Facebook’s Oculus buy is a bet on the future of computing
Facebook ignored mobile for so long that it was forced to play catch-up in terms of design, development, and advertising. CEO Mark Zuckerberg doesn’t want to miss out on the next Big Thing in technology. So he went and bought himself the coolest tech company around: virtual reality headset makers Oculus.
At first glance, the $2 billion deal announced Tuesday sounds insane. Oculus is an innovative company making really cool gear for gamers, but that has nothing to do with Facebook’s stated missions of connecting everyone, understanding the world, and building the knowledge economy. But Zuckerberg said the Oculus Rift virtual reality headset fits perfectly with Facebook’s 10-year goals and positions the company to define what he predicts will be the next major computing platform.
It’s OK, Zuck. You can admit that you bought Oculus because it’s just damn cool.
The Rift is a high-resolution headset that immerses you in virtual reality. We most recently saw a prototype of the product wowing Game of Thrones fans at South by Southwest earlier this month and blowing away competition from Microsoft and Sony at the Game Developers Conference last week. The Rift isn’t ready for market just yet, and Zuckerberg couldn’t say when it will be. More than 75,000 developers have already ordered kits to create applications that Zuck predicts will go far beyond gaming.

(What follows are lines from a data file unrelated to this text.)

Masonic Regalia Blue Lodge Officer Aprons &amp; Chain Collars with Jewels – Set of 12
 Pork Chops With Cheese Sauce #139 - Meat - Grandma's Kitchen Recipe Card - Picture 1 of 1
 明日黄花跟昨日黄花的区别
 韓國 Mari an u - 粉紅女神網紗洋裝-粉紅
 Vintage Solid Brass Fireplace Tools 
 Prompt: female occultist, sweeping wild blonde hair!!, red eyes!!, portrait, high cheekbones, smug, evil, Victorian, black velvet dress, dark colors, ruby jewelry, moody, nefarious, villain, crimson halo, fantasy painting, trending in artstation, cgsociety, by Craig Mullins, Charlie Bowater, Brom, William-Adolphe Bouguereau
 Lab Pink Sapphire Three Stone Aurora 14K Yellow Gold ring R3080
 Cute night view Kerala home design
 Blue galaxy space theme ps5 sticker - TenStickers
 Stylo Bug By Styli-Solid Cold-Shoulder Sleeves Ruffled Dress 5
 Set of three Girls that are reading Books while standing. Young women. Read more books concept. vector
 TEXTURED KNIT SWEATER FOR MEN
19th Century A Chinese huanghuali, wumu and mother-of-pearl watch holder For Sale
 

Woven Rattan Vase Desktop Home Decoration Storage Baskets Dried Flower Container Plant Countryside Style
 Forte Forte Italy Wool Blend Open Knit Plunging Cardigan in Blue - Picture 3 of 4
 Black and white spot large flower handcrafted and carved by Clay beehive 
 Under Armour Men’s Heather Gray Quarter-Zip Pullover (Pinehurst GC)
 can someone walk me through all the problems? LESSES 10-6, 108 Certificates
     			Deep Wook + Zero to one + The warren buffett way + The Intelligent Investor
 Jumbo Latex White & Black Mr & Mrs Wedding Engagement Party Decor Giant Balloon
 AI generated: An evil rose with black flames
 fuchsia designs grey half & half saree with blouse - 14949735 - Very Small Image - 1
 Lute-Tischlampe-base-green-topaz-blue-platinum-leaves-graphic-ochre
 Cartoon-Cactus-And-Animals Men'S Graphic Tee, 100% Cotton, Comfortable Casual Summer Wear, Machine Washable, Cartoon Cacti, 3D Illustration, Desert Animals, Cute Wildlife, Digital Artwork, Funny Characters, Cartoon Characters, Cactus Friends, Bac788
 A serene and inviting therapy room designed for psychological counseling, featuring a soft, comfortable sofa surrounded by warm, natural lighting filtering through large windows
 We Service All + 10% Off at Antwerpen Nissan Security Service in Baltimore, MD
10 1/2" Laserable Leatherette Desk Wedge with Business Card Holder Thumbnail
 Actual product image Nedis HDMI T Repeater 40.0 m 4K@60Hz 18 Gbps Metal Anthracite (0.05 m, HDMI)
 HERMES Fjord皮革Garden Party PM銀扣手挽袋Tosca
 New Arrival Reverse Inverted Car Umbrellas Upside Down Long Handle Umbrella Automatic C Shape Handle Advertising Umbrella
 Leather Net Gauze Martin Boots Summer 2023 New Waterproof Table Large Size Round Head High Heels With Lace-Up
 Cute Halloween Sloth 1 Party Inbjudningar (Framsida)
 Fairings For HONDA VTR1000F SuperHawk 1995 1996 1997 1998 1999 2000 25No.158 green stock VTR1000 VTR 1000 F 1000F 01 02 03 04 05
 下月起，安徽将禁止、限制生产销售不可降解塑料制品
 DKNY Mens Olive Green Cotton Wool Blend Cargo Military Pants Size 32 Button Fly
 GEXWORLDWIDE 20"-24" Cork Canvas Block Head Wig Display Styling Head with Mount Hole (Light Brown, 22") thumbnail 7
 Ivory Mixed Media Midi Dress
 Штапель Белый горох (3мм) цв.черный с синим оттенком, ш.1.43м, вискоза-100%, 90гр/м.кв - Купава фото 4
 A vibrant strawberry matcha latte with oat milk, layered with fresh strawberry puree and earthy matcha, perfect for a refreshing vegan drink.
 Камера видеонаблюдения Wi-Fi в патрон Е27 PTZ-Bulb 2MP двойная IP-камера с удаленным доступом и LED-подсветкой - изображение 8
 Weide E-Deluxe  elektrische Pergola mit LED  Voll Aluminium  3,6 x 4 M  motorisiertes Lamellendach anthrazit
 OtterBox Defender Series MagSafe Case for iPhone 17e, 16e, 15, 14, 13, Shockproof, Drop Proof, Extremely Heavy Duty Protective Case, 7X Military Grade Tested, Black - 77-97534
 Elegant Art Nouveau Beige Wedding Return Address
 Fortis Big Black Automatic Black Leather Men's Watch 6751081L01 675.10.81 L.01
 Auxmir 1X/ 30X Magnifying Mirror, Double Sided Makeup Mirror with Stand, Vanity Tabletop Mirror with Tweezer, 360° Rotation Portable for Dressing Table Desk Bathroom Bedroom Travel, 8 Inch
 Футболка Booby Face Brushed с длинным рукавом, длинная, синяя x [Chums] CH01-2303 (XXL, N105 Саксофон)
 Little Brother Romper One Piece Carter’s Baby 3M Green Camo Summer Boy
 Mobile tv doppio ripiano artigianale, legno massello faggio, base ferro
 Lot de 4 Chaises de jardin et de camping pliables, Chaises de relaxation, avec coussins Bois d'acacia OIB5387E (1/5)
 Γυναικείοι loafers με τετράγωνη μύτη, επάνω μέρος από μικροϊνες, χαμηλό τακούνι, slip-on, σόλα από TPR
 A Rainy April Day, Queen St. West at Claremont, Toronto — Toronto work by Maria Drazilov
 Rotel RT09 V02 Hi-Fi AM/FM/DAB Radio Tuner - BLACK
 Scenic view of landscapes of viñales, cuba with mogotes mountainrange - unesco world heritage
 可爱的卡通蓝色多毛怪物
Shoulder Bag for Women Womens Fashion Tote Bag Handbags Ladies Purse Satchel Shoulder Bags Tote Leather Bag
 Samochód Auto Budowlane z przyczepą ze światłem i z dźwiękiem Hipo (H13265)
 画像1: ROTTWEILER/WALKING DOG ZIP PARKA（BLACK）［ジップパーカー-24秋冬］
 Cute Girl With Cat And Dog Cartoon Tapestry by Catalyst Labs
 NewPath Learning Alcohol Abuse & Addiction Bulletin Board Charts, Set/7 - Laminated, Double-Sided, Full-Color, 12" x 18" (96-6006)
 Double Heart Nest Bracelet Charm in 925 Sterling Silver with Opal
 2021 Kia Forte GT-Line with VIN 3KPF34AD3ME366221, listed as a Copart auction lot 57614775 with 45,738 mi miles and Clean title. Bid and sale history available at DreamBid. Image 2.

“When you put on their goggles you enter a completely immersive computer-generated environment,” he said during a Tuesday call with analysts and shareholders. “You feel like you’re actually present in another place with other people. It’s completely different than anything I’ve experienced in my entire life.”
Yeah, he’s definitely a fan.
The next big platform
Facebook’s mobile woes have been well documented: The company took ages to pay attention to its apps, and making money from mobile ads went from zero to 60 in less than two years.
Those days are long gone. Facebook now has more than 1 billion monthly active users on smartphones alone, and more than half of the company’s ad revenue comes from mobile. It’s time for the company to look beyond phones.
“We feel strong enough on our position that we want to focus on building the next major computing platform that will come after mobile,” Zuckerberg said.
Other companies have tentatively explored virtual reality, but Oculus is years ahead. Zuckerberg admitted that Facebook considered building a similar technology from scratch, but wanted the team behind Oculus on their side.
Oculus has focused primarily on gaming applications for the Rift headset, which is a good place to start. But Facebook is already envisioning what Oculus’ technological know-how can produce after Rift has shipped.
From sitting courtside at a basketball game to sitting in a classroom taking notes, virtual reality can become the new way that people interact with each other. This isn’t about bringing virtual reality to your News Feed or using Rift to take better selfies, as some have joked. Zuckerberg has high-level ambitions for Rift—many of which will take years to realize.
“Imagine sharing not just moments with your friends online, but entire experiences and adventures,” he said. “Oculus has the potential to be the most social platform ever.”
In that context, the deal sort of makes sense.
What’s next for Oculus
Oculus Rift first attracted fans in 2012 with a high-profile Kickstarter campaign, and some of those fans are skeptical about the company’s new owner. Minecraft developer Markus Persson has already given up on Rift, and other developers may back out of plans to build apps for the headset in light of Tuesday’s deal.
We were in talks about maybe bringing a version of Minecraft to Oculus. I just cancelled that deal. Facebook creeps me out.— Markus Persson (@notch) March 25, 2014
But Oculus is proceeding with its original goals and will continue to operate independently, at least until Rift ships at some undetermined future date. Zuckerberg said Facebook is modeling the deal after the $1 billion purchase of Instagram, which is exactly what he said after buying WhatsApp last month.
“Something we didn’t expect in the beginning was how big the potential was for the social experience,” Oculus cofounder and CEO Brendan Iribe said on the Tuesday call. “If you can see somebody else and your brain believes they’re right in front of you, you get the goosebumps. You start to realize how big this can be. It became incredibly obvious and exciting to us to partner up and create that new social platform.”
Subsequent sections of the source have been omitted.